Matthew Parris Matthew Parris

What’s left for Brexiteers?

issue 13 April 2019

My first encounter with a plan to hold not one but two referendums on Britain’s European Union membership happened more than three years ago. At least two individuals were actively entertaining the idea. Both were Leavers. Dominic Cummings had proposed it in one of his blogs. Boris Johnson had not publicly endorsed such a thing, but (I know) was discussing it with interest privately.

The thinking, as I recall, was similar in both cases. The first referendum would be the one we then faced: asking voters for a yes or no to the idea that in principle we should quit. If the result was Remain, we’d remain. If Leave, there would follow two years negotiating a draft withdrawal agreement. Once agreed, the government would present it to the voters and ask in a confirmatory referendum whether they wished to proceed on that basis.

Two justifications for such an approach were doing the rounds among Leavers. The first carried moral force, and was precisely the reason many Remainers now favour the plan: that ‘Remain or Leave’ was an unreasonable question if voters were ignorant of the terms on which we might leave. We were asking them to endorse a pig in a poke. They should therefore be given the chance to approve (or reject) the proposed deal with open eyes, once its outlines were clear.

But there was also a more cynical reason for a possible two-stage Leave. It would be easier to secure a leave-in-principle result if voters could feel assured that this was not the last time they’d be asked. The idea was being explored at a time when Remain were the favourites to win.
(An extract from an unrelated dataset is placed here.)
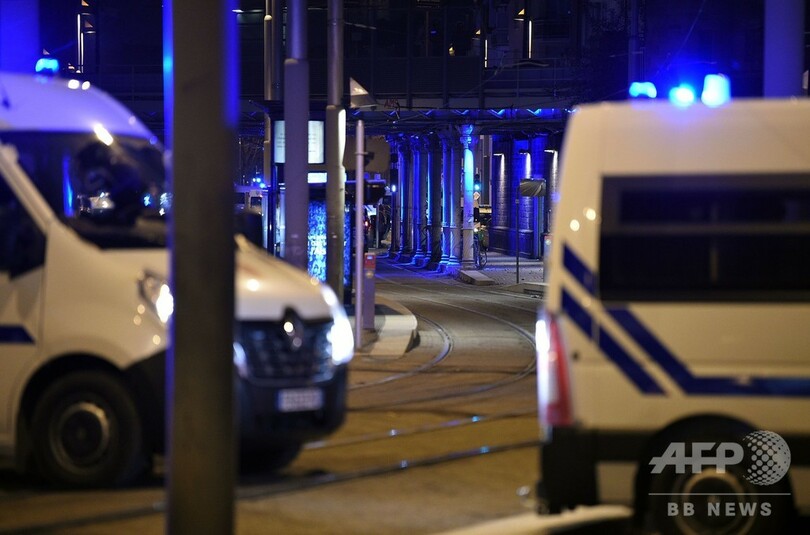 仏銃撃、警察が容疑者射殺 関係筋
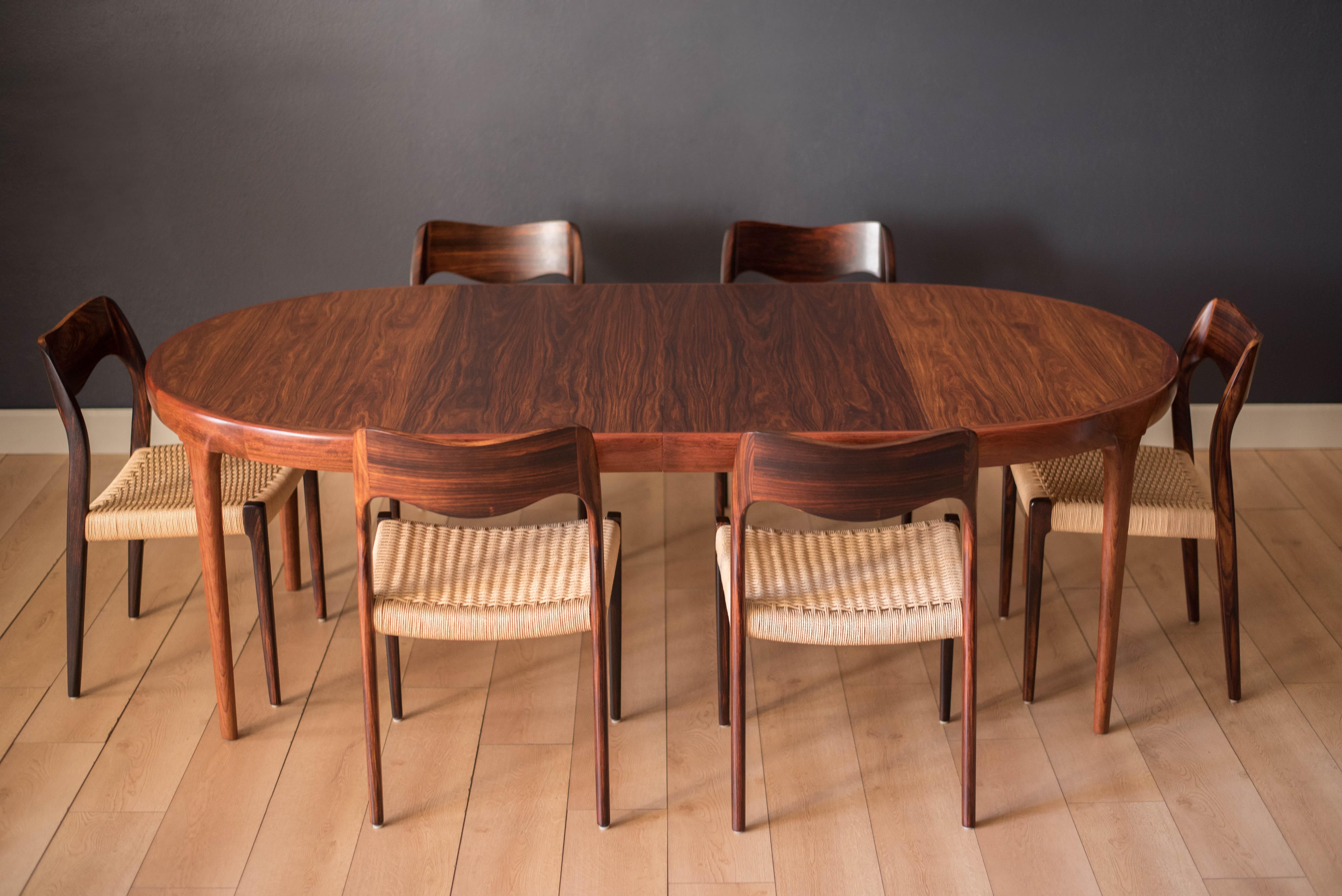 Vintage Danish Rosewood Round Expandable Dining Table by Ib Kofod-Larsen In Good Condition In San Jose, CA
Making the 2016 plebiscite only provisional would shorten the leap Leave would be asking the electorate to make, render the jump less dangerous, and bring more waverers over.

I ridiculed the idea in the Times, pointing out that this could land our country in a limbo between wanting to leave in principle and rejecting any practical plan for doing so (the very limbo, as it was to turn out, that MPs did land later themselves in).